▶ **INPUT DATA**
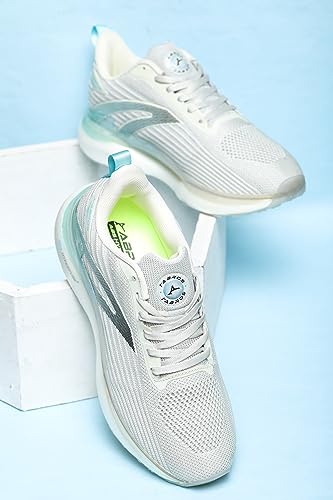 Image of ABROS Mens Edge ASSG1305 Sports Shoes Cream /Turquoise 6UK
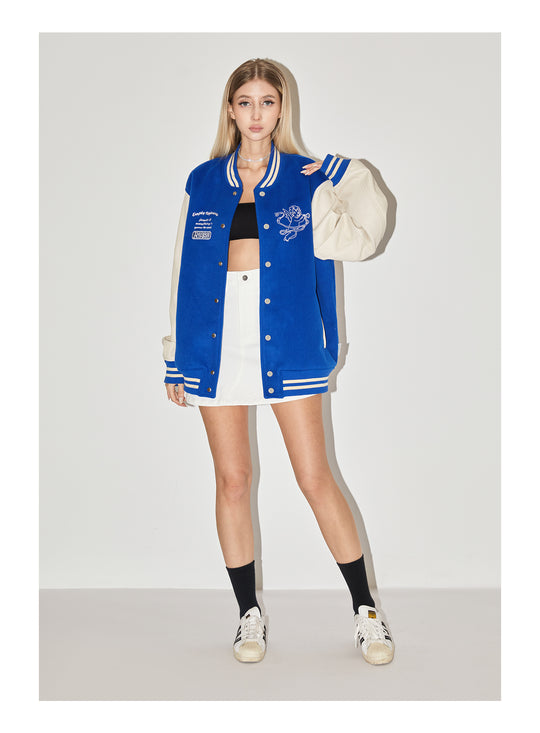 EMPTY REFERENCE Angel Logo Embroidered Baseball Jacket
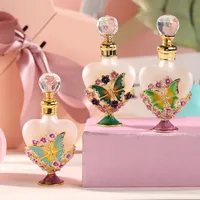 60 X Glass Perfume Bottle 10ml Metal Butterfly Decor Heart Shape Container Crystal Cap Refillable Essential Oils Containers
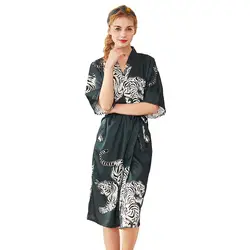 Сексуальная печати домашнее платье с коротким рукавом, атласное халат кимоно Банный халат v-образным вырезом Тигр Ночная Пижама, пеньюар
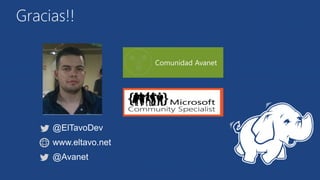 Gracias!! 
@ElTavoDev 
www.eltavo.net 
@Avanet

▶ **TASK STATEMENT**
When you output the entries, keep each line exactly as it is and leave out any pictures.

▶ **SOLUTION TO THIS EXERCISE**
 Image of ABROS Mens Edge ASSG1305 Sports Shoes Cream /Turquoise 6UK
 EMPTY REFERENCE Angel Logo Embroidered Baseball Jacket
 60 X Glass Perfume Bottle 10ml Metal Butterfly Decor Heart Shape Container Crystal Cap Refillable Essential Oils Containers
 Сексуальная печати домашнее платье с коротким рукавом, атласное халат кимоно Банный халат v-образным вырезом Тигр Ночная Пижама, пеньюар
 Gracias!! 
@ElTavoDev 
www.eltavo.net 
@Avanet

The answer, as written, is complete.